══ STUDY MATERIAL
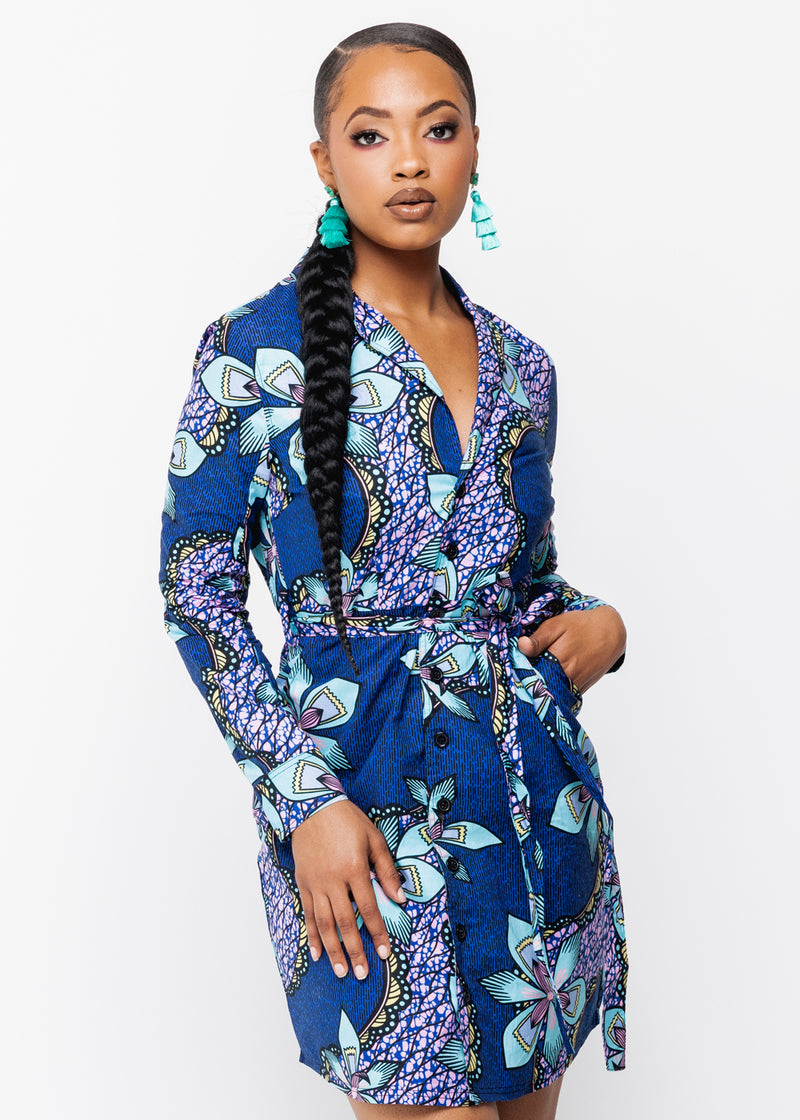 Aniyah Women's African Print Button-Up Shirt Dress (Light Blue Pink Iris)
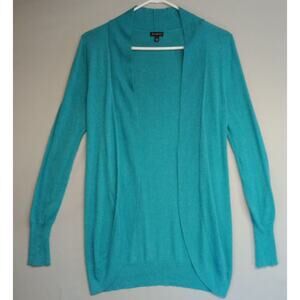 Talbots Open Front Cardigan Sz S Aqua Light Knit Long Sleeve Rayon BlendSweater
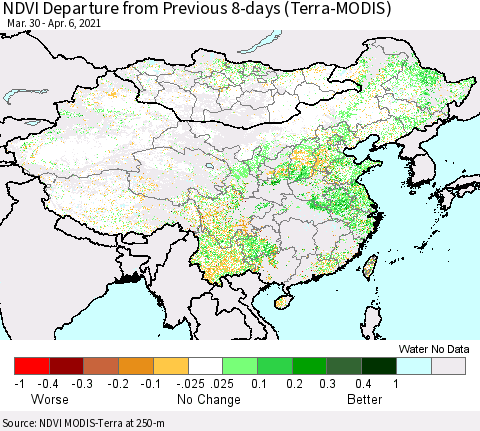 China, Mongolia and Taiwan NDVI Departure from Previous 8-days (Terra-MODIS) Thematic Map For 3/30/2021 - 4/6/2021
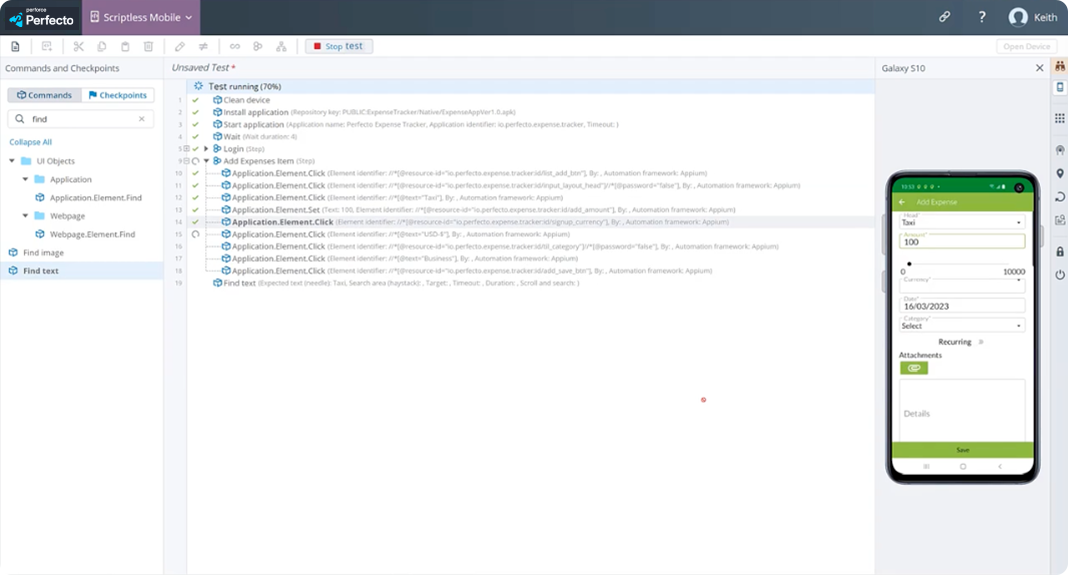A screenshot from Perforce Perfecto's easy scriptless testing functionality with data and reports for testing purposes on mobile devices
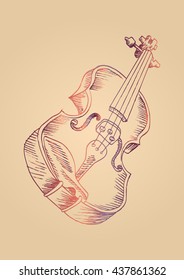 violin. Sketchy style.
════
══ STUDY MATERIAL
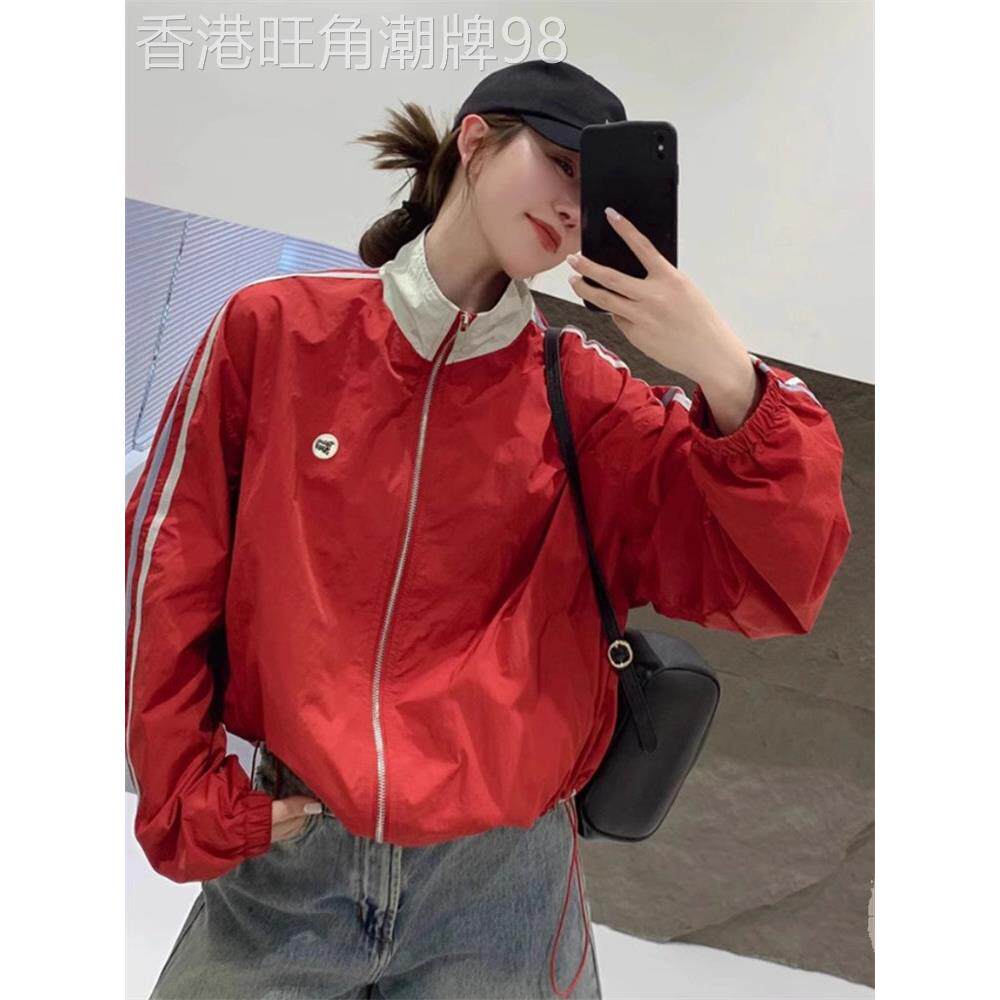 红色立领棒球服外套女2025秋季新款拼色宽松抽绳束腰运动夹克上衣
════
══ STUDY MATERIAL
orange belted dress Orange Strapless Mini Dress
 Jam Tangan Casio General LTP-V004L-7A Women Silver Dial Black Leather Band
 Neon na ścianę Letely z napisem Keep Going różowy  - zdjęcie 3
════
• PROMPT:
The line holding "Aniyah Women's African" starts the copy and the line holding "violin. Sketchy style." ends it. Repeat those two lines above and all between them exactly, leaving out pictures.

• REPLY TO THE TASK:
 Aniyah Women's African Print Button-Up Shirt Dress (Light Blue Pink Iris)
 Talbots Open Front Cardigan Sz S Aqua Light Knit Long Sleeve Rayon BlendSweater
 China, Mongolia and Taiwan NDVI Departure from Previous 8-days (Terra-MODIS) Thematic Map For 3/30/2021 - 4/6/2021
A screenshot from Perforce Perfecto's easy scriptless testing functionality with data and reports for testing purposes on mobile devices
 violin. Sketchy style.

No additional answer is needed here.